Father Donald Senior, CP

Sept. 26: 26th Sunday in Ordinary Time

Wednesday, September 15, 2021

Generous spirit

Nm 11:25-29; Ps 19:8, 10, 12-13, 14; Jas 5:1-6; Mk 9:38-43, 45, 47-48

Some years ago, Richard John Neuhaus, the well-known Lutheran scholar and church leader (who later became a convert to Catholicism and a priest), hosted in New York a major and now famous conference on biblical interpretation. The concern of the conference was about the orthodoxy of some modern biblical interpretation. 

Star participants included then-Cardinal Joseph Ratzinger (later Pope Benedict XVI) and Father Raymond Brown, considered one of the foremost Catholic biblical scholars of his time.

Cardinal Ratzinger’s address raised a number of cautions about modern historical analysis of the Bible and, in the press conference that followed, one questioner assumed (with some satisfaction) that Ratzinger’s remarks were targeted at Brown. But the cardinal, himself a great and wise scholar, replied, “Would that all Catholic biblical scholars were like Father Brown.”

That incident seems like a replay of both the Gospel passage for this Sunday and the first reading from the Book of Numbers. 

In Numbers, a young man gets upset when he sees that Eldad and Medad (possible names for your next set of twins?) were prophesying, even though they were not present when Moses’ spirit was shared among the 70 elders. But Moses will have none of it, and in memorable words proclaims: “Would that all the people of the Lord were prophets! Would that the Lord might bestow his spirit on them all!”

This unique Old Testament text is obviously paired with an equally surprising text from the Gospel of Mark. When John sees someone “driving out demons in your name,” he reports to Jesus that “we tried to prevent him because he does not follow us.”

Jesus’ response is generous: “Do not prevent him. … For whoever is not against us is for us. Anyone who gives you a cup of water to drink because you belong to Christ, amen, I say to you, will surely not lose his reward.”

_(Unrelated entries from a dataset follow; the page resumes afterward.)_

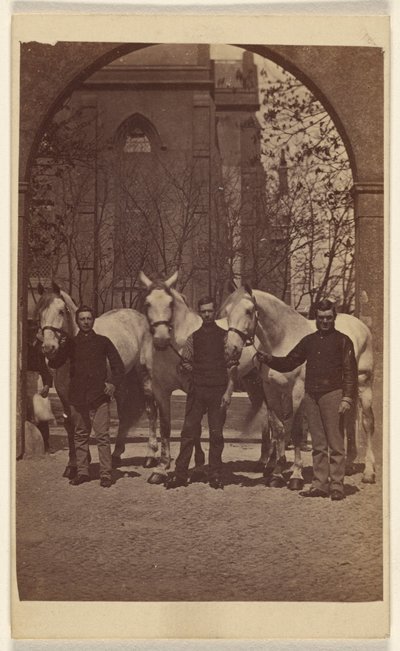 [Trois hommes posant avec trois chevaux blancs]. - Henry Pointer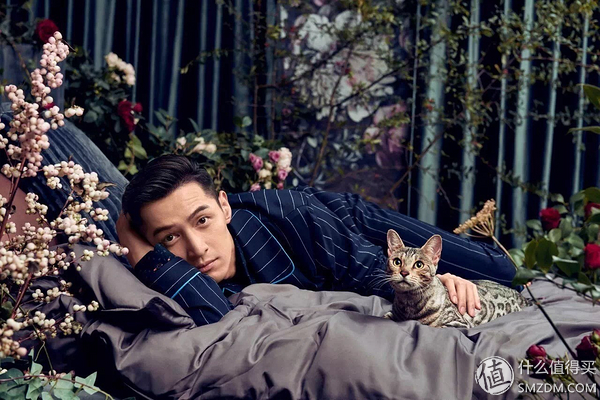 古麒羽绒鹅绒被怎么样,羽绒被是鹅绒的好还是金貂绒的好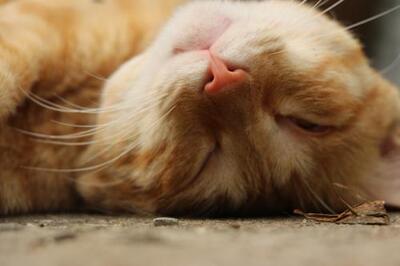 因为本仙女很懒，不想每一件商品都一样一样地去写好评，所以特意写了这样一个评论。但是这件商品无论是质量、材质还是款式，肯定都是本仙女所中意的，如果本仙女不喜欢的话，本仙女收到货肯定是会很生气的，很气很气的那种哦。不然这个评论肯定会变成那种喋喋不休，怨气横生，怨天怨地的那种。最后当然不可能忘了给这件商品一个好评，给各位爱淘宝的宝宝们一个购物参考，这个产品还是非常值得购买的！ 祝看到这条评论的各位小仙女们永远年轻漂亮美丽大方，永远都是16岁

These readings remind us that the Spirit of God proclaimed in the Bible is generous and inclusive and not tightly rationed. I think, for example, of the role of the Spirit in the Acts of the Apostles: catching the disciples by surprise in the upper room, falling upon the crowds who listen to Peter’s first sermon, moving Cornelius (a Roman officer) and his household to seek baptism, inspiring Paul and the other apostles to break out of the confines of their Jerusalem enclave and reach out to the Gentile world.

Paul himself in Chapter 8 of his Letter to the Romans envisioned the Spirit working within the very heart of creation itself, moving it to the fullness of God’s glory.

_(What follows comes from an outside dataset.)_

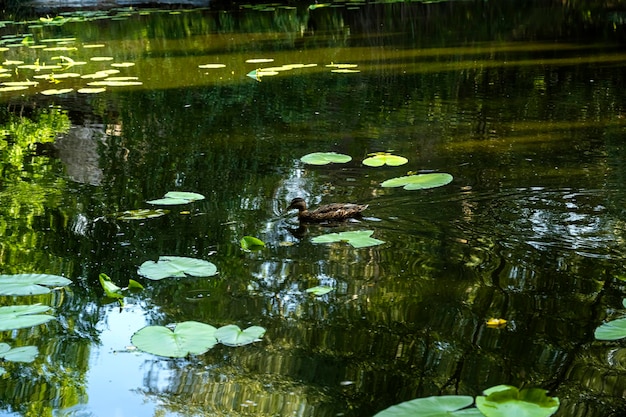 Stagno con un'anatra galleggiante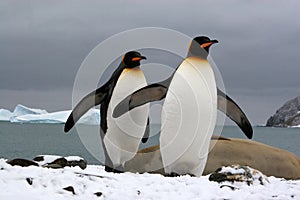 South Georgia (Antarctic) photo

Both Moses and Jesus remind us in this Sunday’s Scriptures that the Spirit of God is not confined to “those in the tent.”

Pope Benedict himself made a similar point in one of his first interviews as pope, which was with the self-described “Catholic atheist” and famous journalist Oriana Fallaci. Christians, the pope said, should reach out to people of good will and, together with them, act “as if” we were all children of God and all seeking the common good. 

His successor, Pope Francis, has made this kind of generous spirit a hallmark of his papacy, exemplifying a culture of dialogue that leads him, for example, to embrace worldwide Muslim and Jewish religious leaders with great personal affection, and to incorporate the insights of scientists in his teaching about Christian responsibility for creation.

Some Catholics are leery of such outreach and even consider the term “dialogue” as synonymous with compromise or betrayal of the inherent truth of the Gospel. Yet our tradition insists that God is the creator of the universe and is the “God of all nations.” 

The Spirit of God is not timid or reclusive but reflects the fullness of God’s embrace of the world. That, ultimately, is what should drive the Christian mission to the world.  

As the Gospel of John proclaims, the mission of Jesus himself was to reveal God’s love for the world and “not to condemn the world” but “that the world might be saved through him” (Jn 3:16-17).